CUDA trouble

Hello, I wrote simple bench for CUDA vs CPU but
CUDA time 4539 ms for 1 mio cycles
CPU time 1580ms
Why CUDA is slower?
May be it is incorrect to run kernel multiple times?

global void
kernel(float *ex, float *v, float *hi, float *low, float *cl, int m)
{
int i = blockIdx.x * blockDim.x + threadIdx.x;
int j;
if (i < m)
{
j = ex[i];
v[i] = low[j];
}
}

int main()
{
int numBars = loadBars();
int numExtr = defineExtremums(numBars);

cout << “GPU kernel start:” << “\n”;
int N = numBars;
int M = numExtr;
float *ex, *z, *h, *l, *c;
float *d_x, *d_xx, *d_y, *d_z, *d_w;

int size_m = M * sizeof(float);
int size_n = N * sizeof(float);

ex = (float*)malloc(size_m);
z = (float*)malloc(size_m);
h = (float*)malloc(size_n);
l = (float*)malloc(size_n);
c = (float*)malloc(size_n);

cudaMalloc(&d_x, size_m);
cudaMalloc(&d_xx, size_m);
cudaMalloc(&d_y, size_n);
cudaMalloc(&d_z, size_n);
cudaMalloc(&d_w, size_n);

for (int i = 0; i < M; i++)
{
ex[i] = extr[i];
}

for (int i = 0; i < N; i++)
{
h[i] = high[i];
l[i] = low[i];
c[i] = close[i];
}

cudaMemcpy(d_x, ex, size_m, cudaMemcpyHostToDevice);
cudaMemcpy(d_y, h, size_n, cudaMemcpyHostToDevice);
cudaMemcpy(d_z, l, size_n, cudaMemcpyHostToDevice);
cudaMemcpy(d_w, c, size_n, cudaMemcpyHostToDevice);

dim3 threads = dim3(1024,1);
dim3 blocks = dim3(N/threads.x,1);

int numbench = 100000;
clock_t t1 = clock();
for (int u = 0; u < numbench; u++)
{
kernel<<<threads,blocks>>>(d_x, d_xx, d_y, d_z, d_w, M);
cudaMemcpy(z, d_xx, size_m, cudaMemcpyDeviceToHost);
}
clock_t t2 = clock();
clock_t t3 = t2-t1;
cout << "GPU: " << t3 << “\n”;

clock_t t4 = clock();
for (int u = 0; u < numbench; u++)
{
for(int i = 0; i < M; i++)
{
int j = ex[i];
z[i] = low[j];
}
}
clock_t t5 = clock();
clock_t t6 = t5-t4;
cout << "CPU: " << t6 << “\n”;

cudaFree(d_x);
cudaFree(d_xx);
cudaFree(d_y);
cudaFree(d_z);
cudaFree(d_w);

free(ex);
free(z);
free(h);
free(l);
free(c);

}

Hello,

I think the main problem in your code is the line cudaMemcpy(z, d_xx, size_m, cudaMemcpyDeviceToHost);. Also your method of getting time can give error, though when it is after a cudamemcpy call is ok. in order for cuda to be faster you need to get read of the copy calls , make a few as possible, or have the number of calculations much bigger than the number of array you cpy.

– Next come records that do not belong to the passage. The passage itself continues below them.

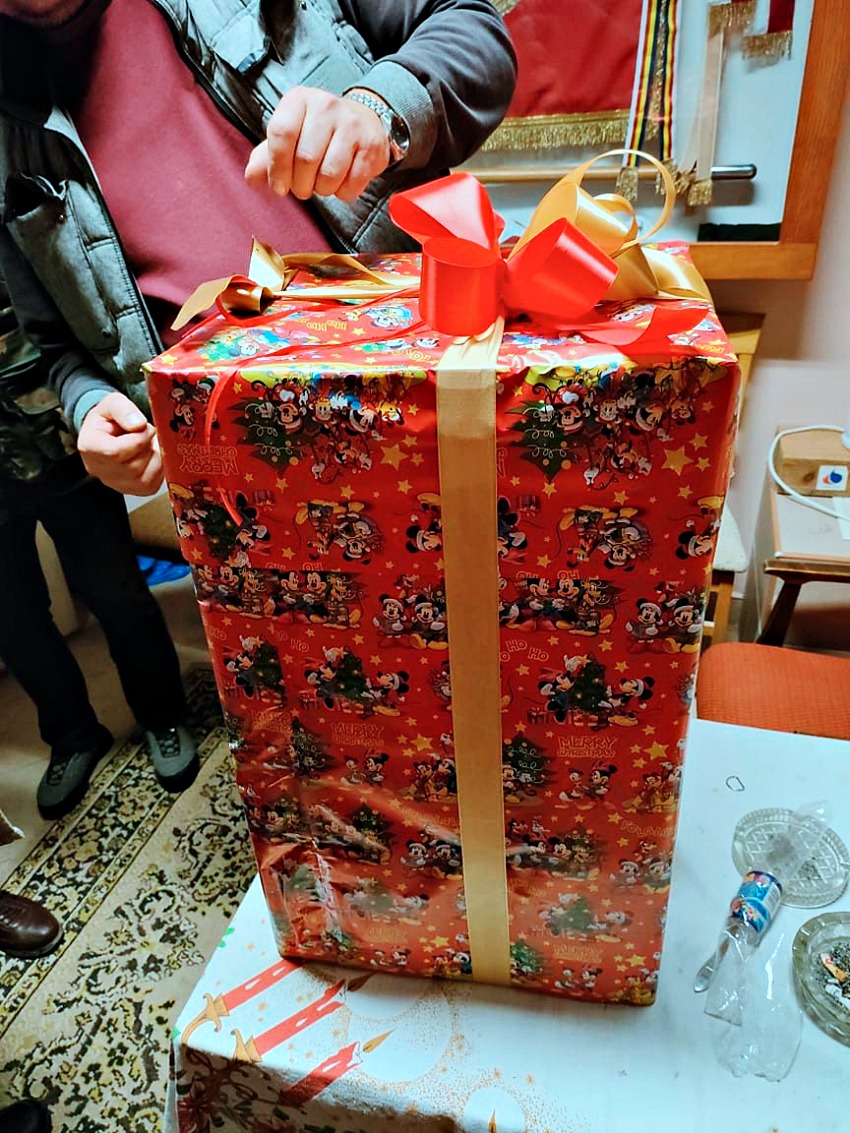 266676785 488003219306607 7047849801133046786 n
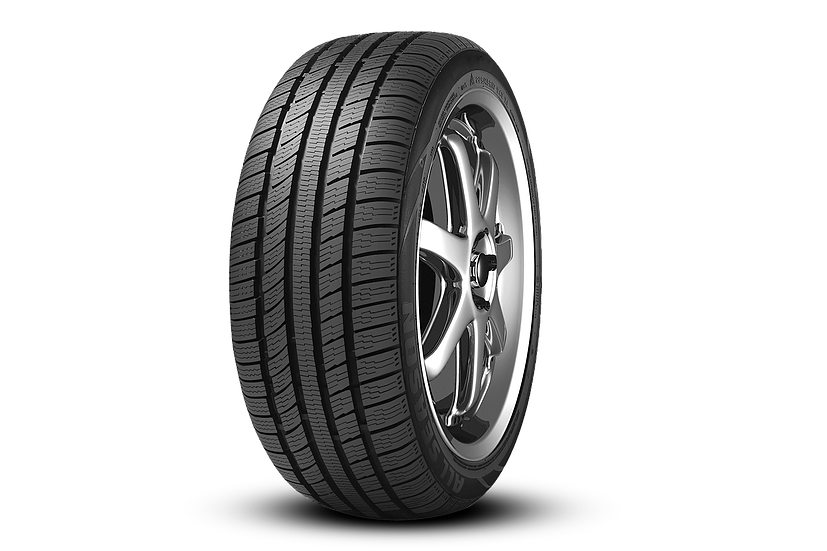 TORQUE TQ025 205/55 R16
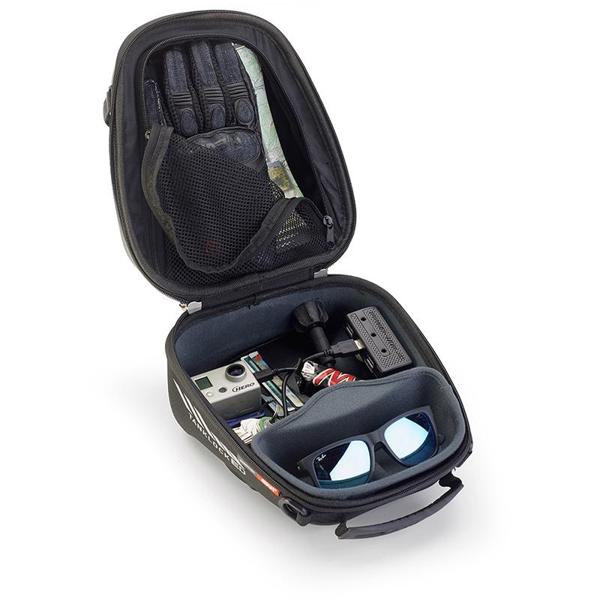 GIVI-sacoche-reservoir-st605b-image-66706848-cover-1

Are you sure you are getting the correct outputs values from the GPU.
Plesae make a habit of using cudaThreadSynchronize() after any kernel launch.

The cudamemcpy function is a blocking function which means that the control is not returned to the host until is finished. It is not the recommended way, but it gives good enough results, since by the timed it is finished all gpu clacualtions must be finished. If you want to see what’s wrong with your code check the CUDA Best Practices document. Avoiding repetitive copying between host and gpu is one of the most important thing to maximize the performance.

Instead of:

for (int u = 0; u < numbench; u + +)
{
kernel < < < threads,blocks > > >(d_x, d_xx, d_y, d_z, d_w, M);
cudaMemcpy(z, d_xx, size_m, cudaMemcpyDeviceToHost);
}

try

for (int u = 0; u < numbench; u + +)
{
kernel < < < threads,blocks > > >(d_x, d_xx, d_y, d_z, d_w, M);
}

cudaMemcpy(z, d_xx, size_m, cudaMemcpyDeviceToHost);

If your particular algorithm requires frequent data transfers between host and gpu, you should try to overlap the transfers with the calculations to get the maximum performance.